··· DATASET EXTRACT ···
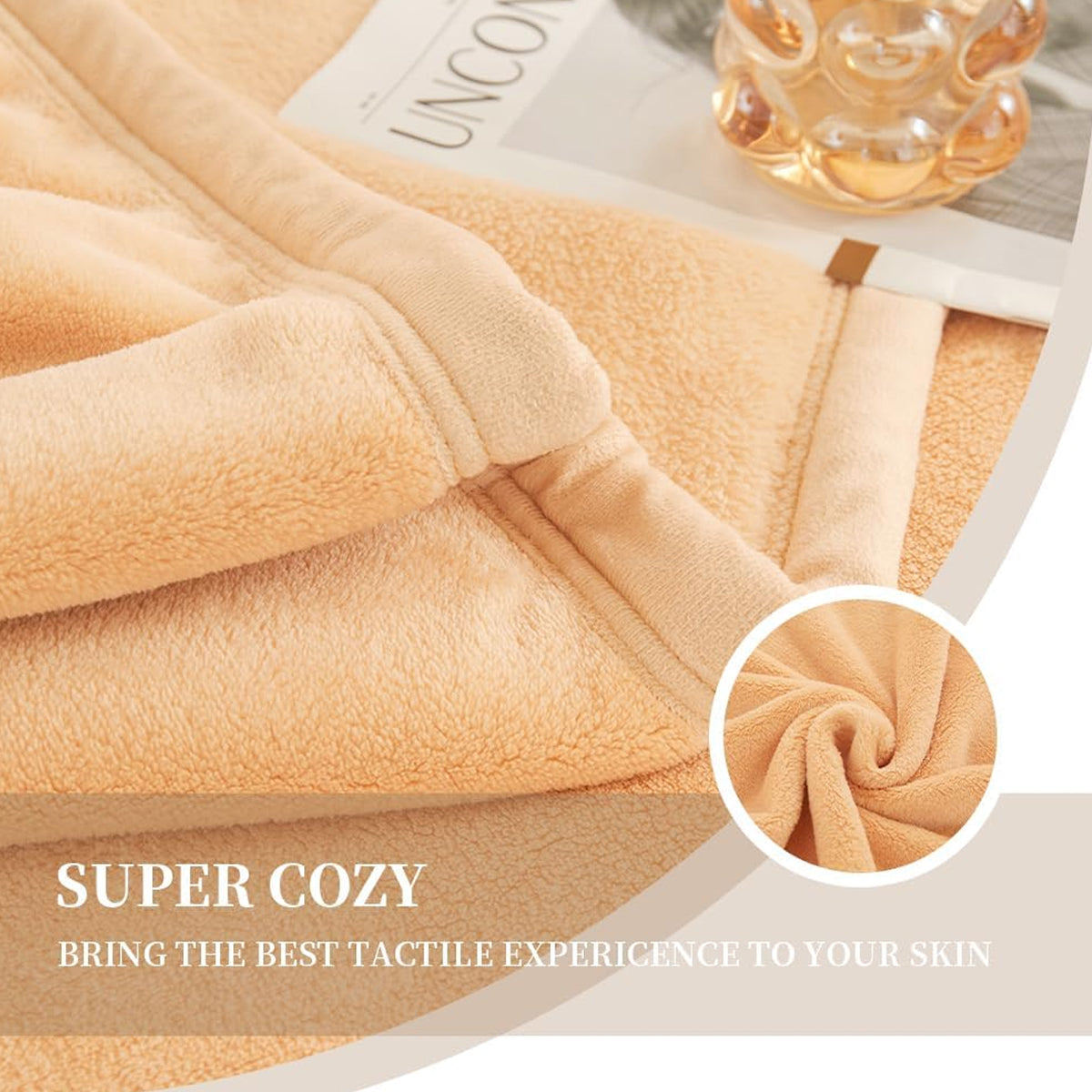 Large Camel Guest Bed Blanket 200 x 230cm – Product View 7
···
··· DATASET EXTRACT ···
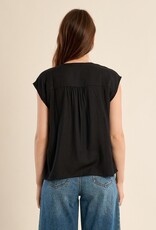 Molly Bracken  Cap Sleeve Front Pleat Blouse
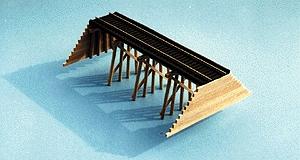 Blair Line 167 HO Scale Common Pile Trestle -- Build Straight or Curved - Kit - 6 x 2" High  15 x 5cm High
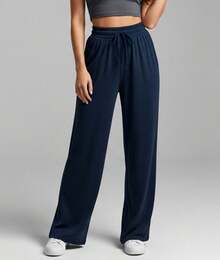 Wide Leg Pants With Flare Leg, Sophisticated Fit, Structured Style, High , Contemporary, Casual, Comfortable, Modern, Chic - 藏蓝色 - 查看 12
···
▸ WORK INSTRUCTION
Among the entries above, find the line with "Front Pleat Blouse" and repeat exactly from there through the line with "Wide Leg Pants", leaving out the pictures.

▸ OUTPUT OF THE TASK
 Molly Bracken  Cap Sleeve Front Pleat Blouse
 Blair Line 167 HO Scale Common Pile Trestle -- Build Straight or Curved - Kit - 6 x 2" High  15 x 5cm High
 Wide Leg Pants With Flare Leg, Sophisticated Fit, Structured Style, High , Contemporary, Casual, Comfortable, Modern, Chic - 藏蓝色 - 查看 12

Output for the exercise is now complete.